I was talking with my brother over the weekend, and independently we both mentioned that we’d been considering working on more short-form projects. I’m editing an oversize fantasy novel right now, and my brother’s finishing his dissertation, and we each described how we’re feeling a little bogged down and overwhelmed with our writing.

I’ve written essays and short stories before, and published a couple of poems, but I’ve always thought of myself as a long-form person. Novels give characters space to breathe, to develop and grow on readers over a longer period of time. Series can be even better, their plots going beyond that one story problem or crisis as characters enter new life stages and deepen their relationships and friendships or discover new ones.

But I’ve never felt like I’ve gotten the knack for writing short stories. In college, I read my share of short fiction by Raymond Carver and Katherine Anne Porter and Leo Tolstoy, and I think I recognize a well-written short story, or one that sticks with me and makes me think, or one that’s both. But they still feel, well, short. Like a window into a person or a situation or a concept—but I shouldn’t get too comfortable because there won’t really be time to sit with these characters. The Joycean school of thought that there should be a reveal or epiphany at the end of the story also feels like a lot of pressure, and I’ve never to my own satisfaction struck that balance between a surprising ending and an ending that feels foreshadowed and appropriate.

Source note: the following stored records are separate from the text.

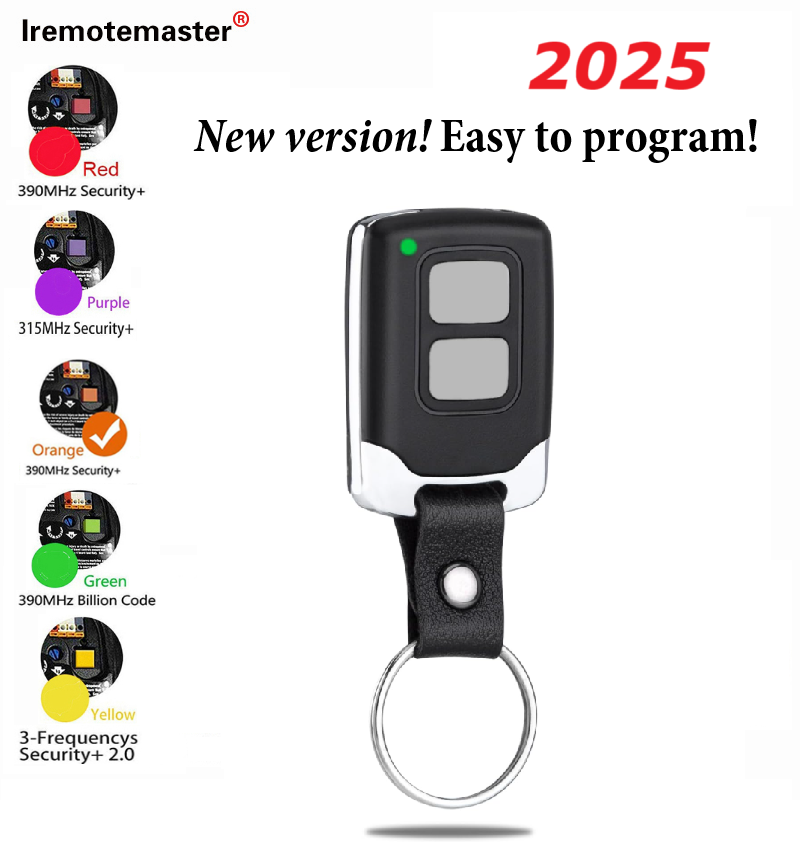 2025 NUEVO reemplazo para Liftmaster 893MAX Sears Craftsman 890max 371LM 891LM Abridor de puerta de garaje Control remoto hasta 6 puertas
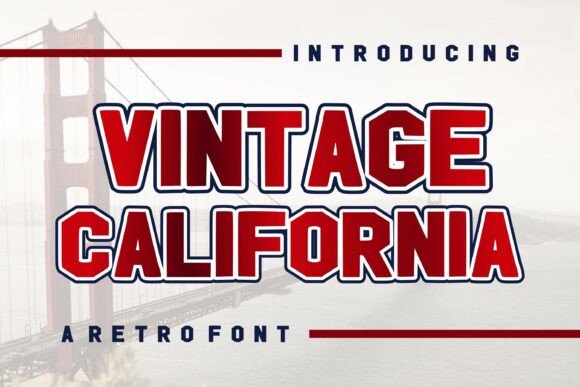 Vintage California: A Bold Display Font for Small Business Branding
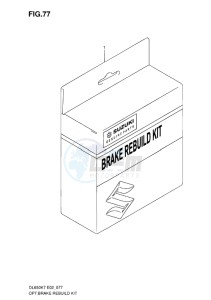 DL 650 V-STROM EU-UK drawing BRAKE REBUILD KIT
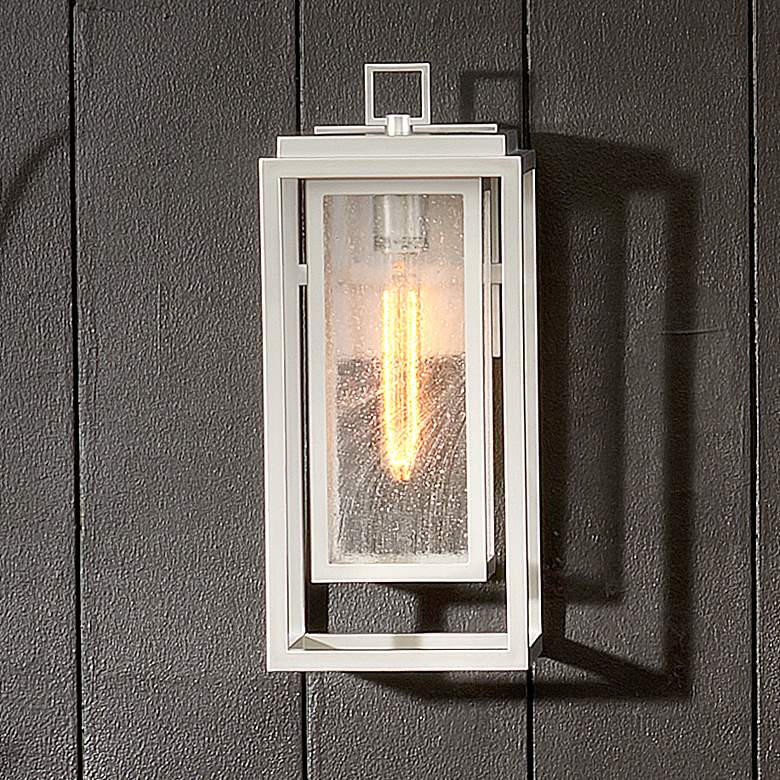Image 2 Hinkley Republic 12" High Satin Nickel Modern Outdoor Wall Light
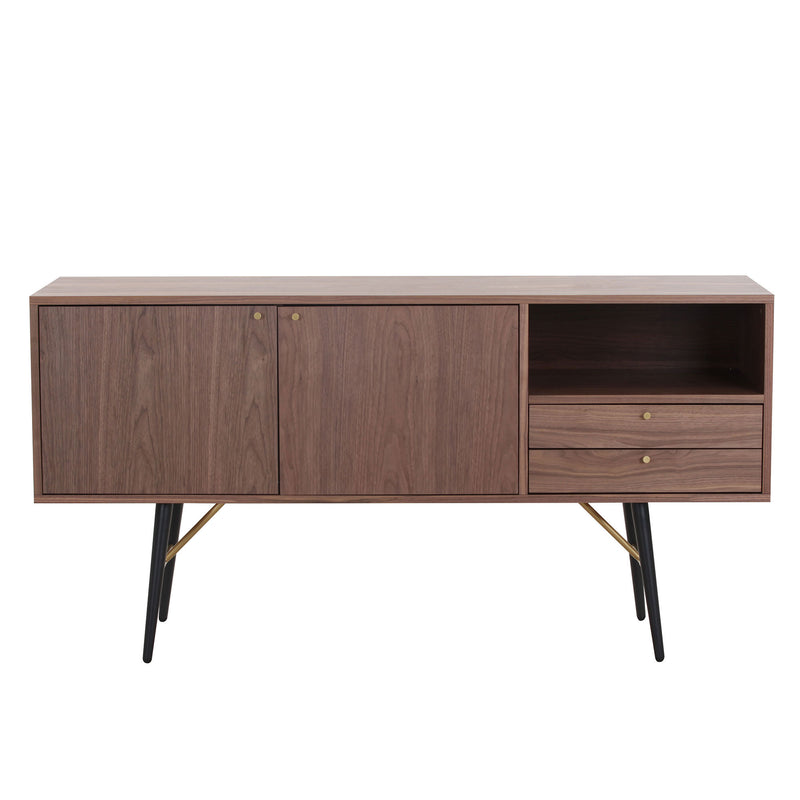 Modern Sideboard , Buffet Cabinet, Storage Cabinet, TV Stand with 2 Door and 2 drawers , Anti-Topple Design, and Large Countertop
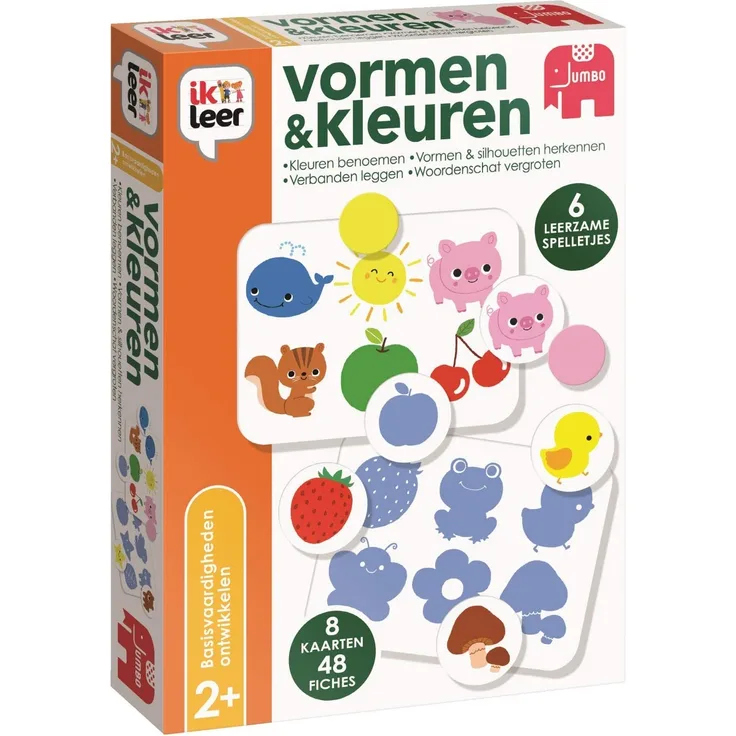 Jumbo 19569'Ich lerne Formen und Farben Spiel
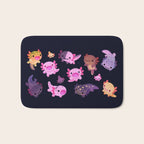 Happy axolotl - dark Bath Mat Gallery Image 1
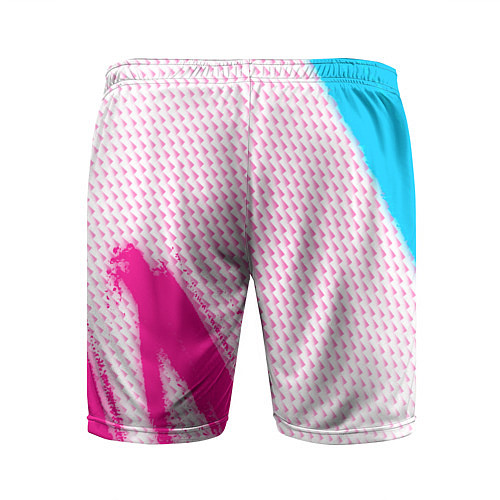 Мужские спортивные шорты Lifan neon gradient style: надпись, символ / 3D-принт – фото 2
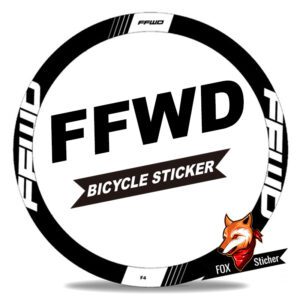 Bicycle Wheels Rim Decal Stickers for Fast Forward FFWD F3D / F3R 30mm 2019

And yet, despite my ambivalence, I’m feeling like it might be time to work on my short game. Where I’m at in life right now, I don’t have a lot of time for writing, and to slog away at a developmental edit of a 120,000-word novel isn’t very fast or rewarding work. I have another novel I’m shopping with agents, and a complete manuscript that needs a second edit, but both of those also sound daunting. Something that’s manageable, that I can finish with half an hour here and half an hour there, may be just what I need these days to keep some momentum going.

One of the problems of tackling something new, of course, is that there are so many different avenues or ideas I could pursue. Do I want to write short stories featuring characters I’ve already developed, or do I want to explore different worlds and possibilities? Do I want to stick in speculative fiction or do something more literary or contemporary? Or I could work on my poetry—but again the question is whether to revisit a known project, like my sonnet collection, or try my hand at something more open-ended. And there’s something so immediate and satisfying about researching for a crisp nonfiction essay, but finding that unique angle to an ever-green topic doesn’t just happen on its own.

I suppose having options is a good problem. I’ll just need to make sure that this well-intentioned plan to build writing momentum actually leads to writing—and momentum.